*Work request*.
In the data below, set down exactly the lines from the one containing "Avon Sterling Silver" up to and including the one containing "Satin Trim Full". Leave the pictures out.

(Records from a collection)
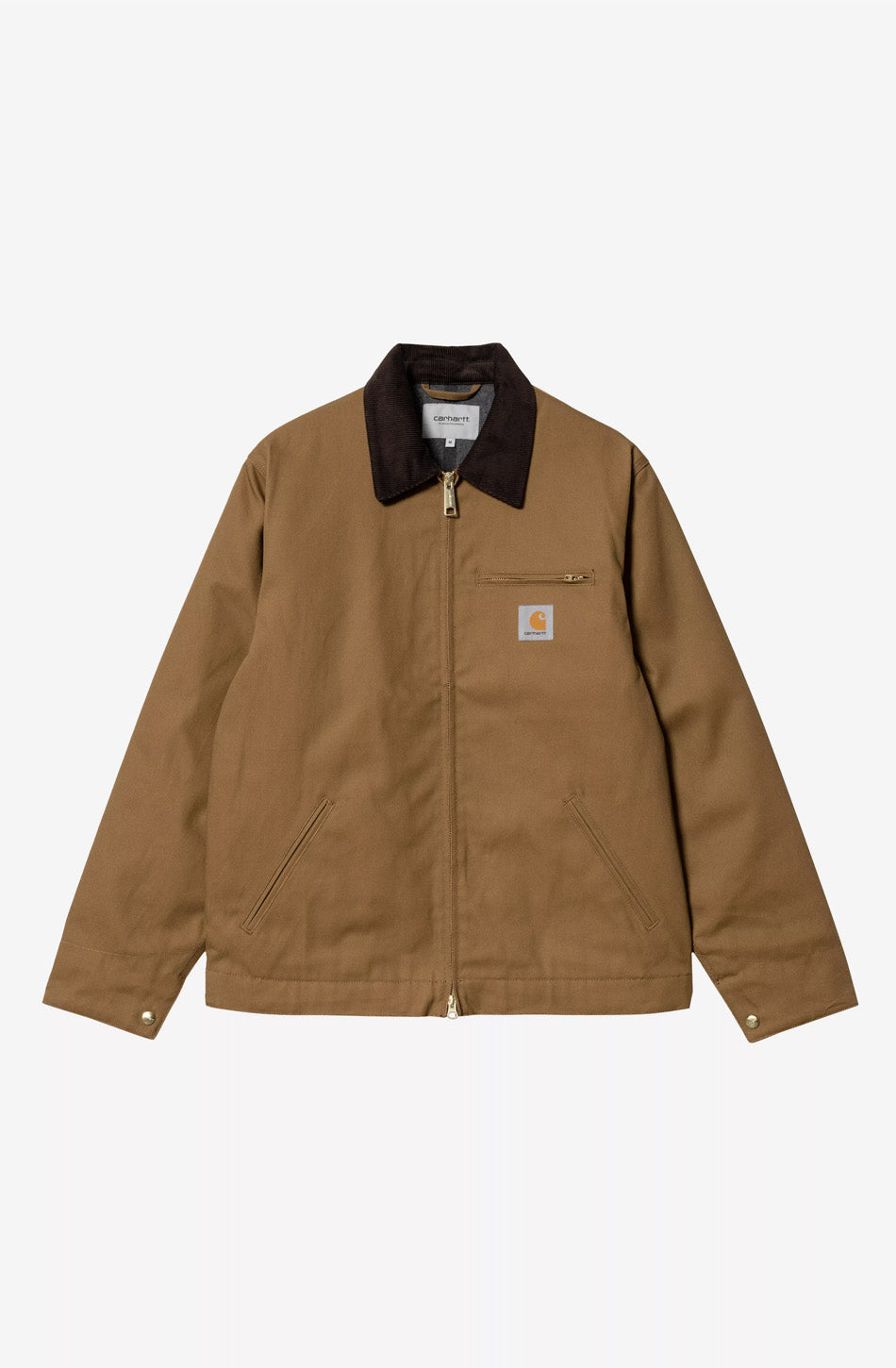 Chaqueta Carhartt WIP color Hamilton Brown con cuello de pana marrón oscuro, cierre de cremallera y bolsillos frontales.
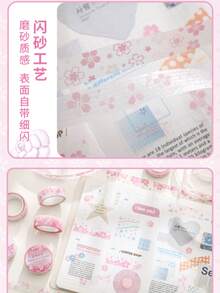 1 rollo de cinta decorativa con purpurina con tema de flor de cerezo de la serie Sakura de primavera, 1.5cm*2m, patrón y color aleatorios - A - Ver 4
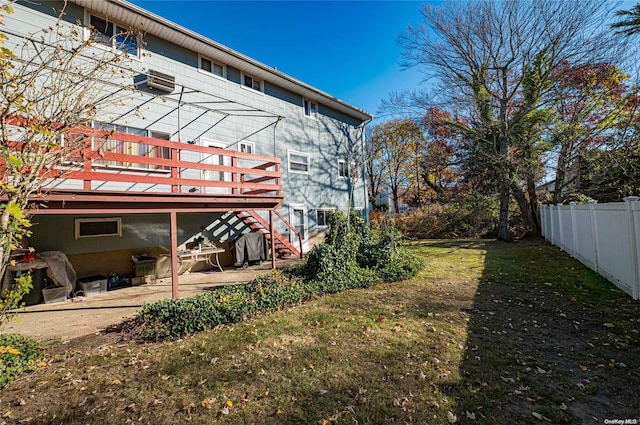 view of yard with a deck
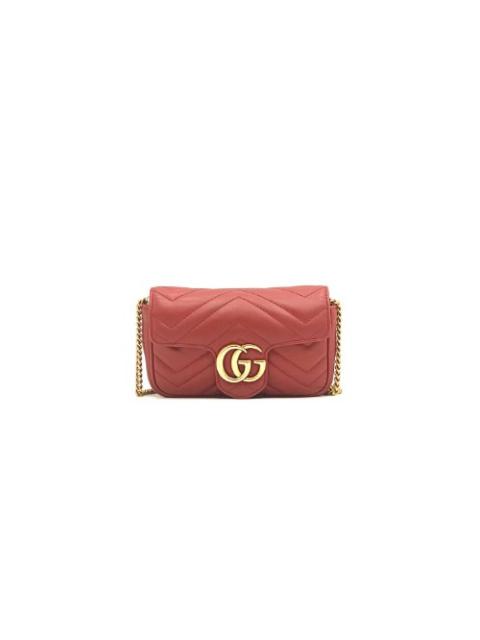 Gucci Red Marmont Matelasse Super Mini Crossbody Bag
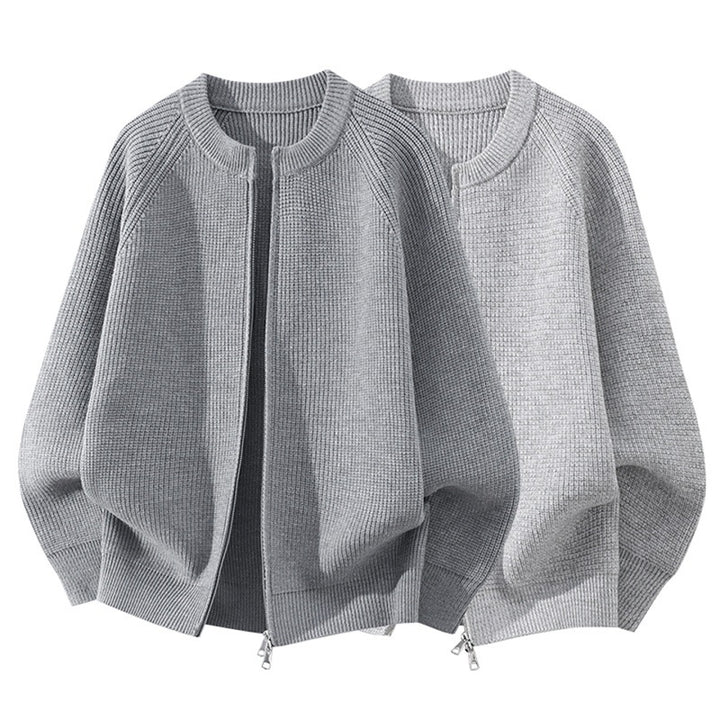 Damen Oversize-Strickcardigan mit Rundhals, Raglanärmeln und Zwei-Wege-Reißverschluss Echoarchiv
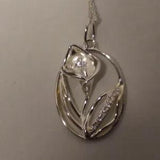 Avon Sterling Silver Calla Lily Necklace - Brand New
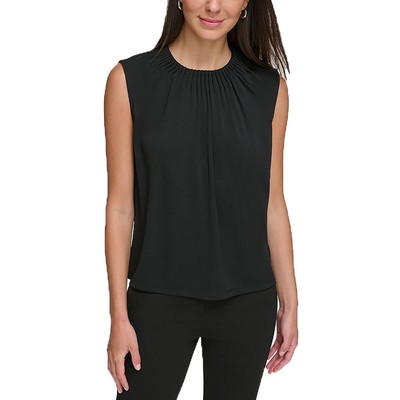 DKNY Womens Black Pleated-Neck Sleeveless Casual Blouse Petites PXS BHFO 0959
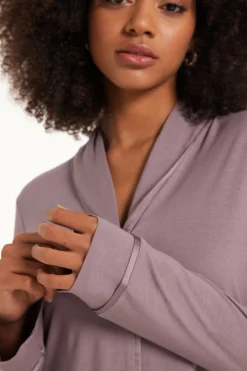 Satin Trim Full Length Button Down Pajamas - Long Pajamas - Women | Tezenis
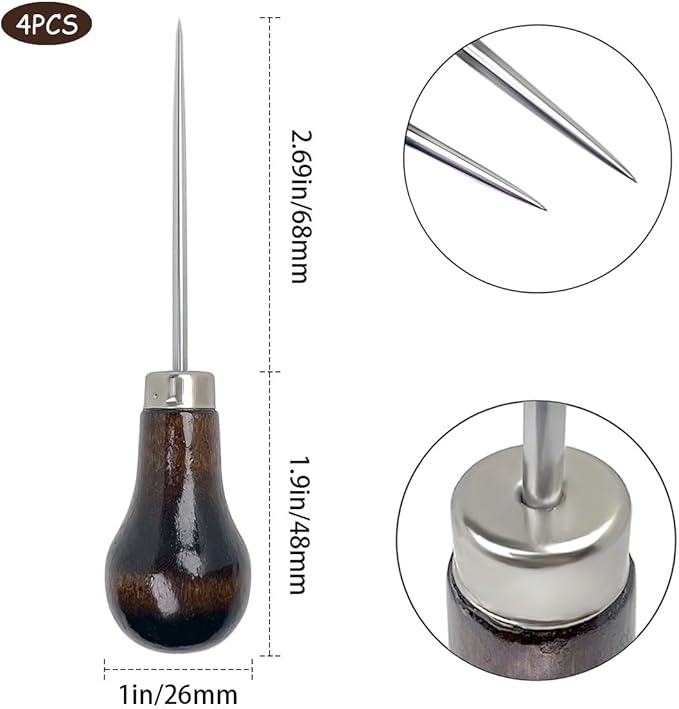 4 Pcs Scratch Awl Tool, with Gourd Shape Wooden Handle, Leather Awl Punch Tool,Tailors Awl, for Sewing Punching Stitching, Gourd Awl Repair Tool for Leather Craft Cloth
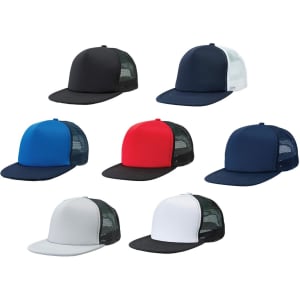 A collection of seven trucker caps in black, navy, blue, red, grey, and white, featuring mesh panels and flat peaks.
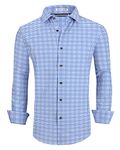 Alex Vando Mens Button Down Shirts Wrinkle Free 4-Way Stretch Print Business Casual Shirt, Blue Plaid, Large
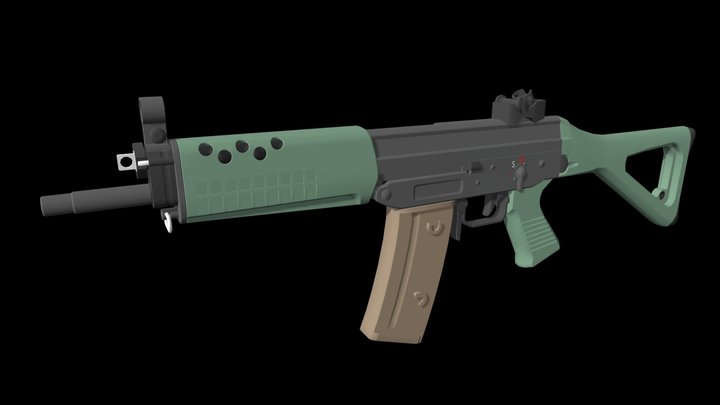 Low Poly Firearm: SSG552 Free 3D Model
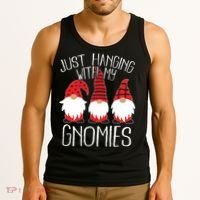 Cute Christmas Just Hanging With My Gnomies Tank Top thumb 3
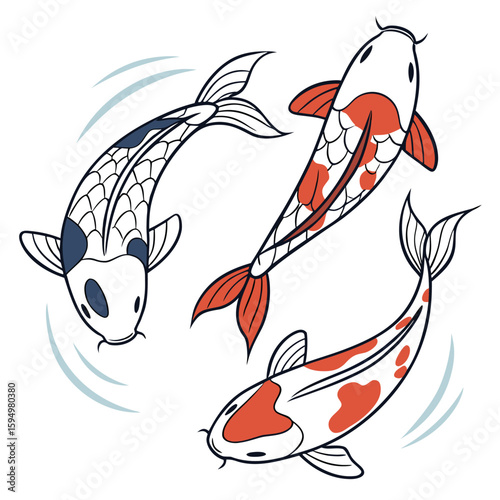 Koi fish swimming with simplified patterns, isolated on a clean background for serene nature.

*Answer to this exercise*.
 Avon Sterling Silver Calla Lily Necklace - Brand New
 DKNY Womens Black Pleated-Neck Sleeveless Casual Blouse Petites PXS BHFO 0959
 Satin Trim Full Length Button Down Pajamas - Long Pajamas - Women | Tezenis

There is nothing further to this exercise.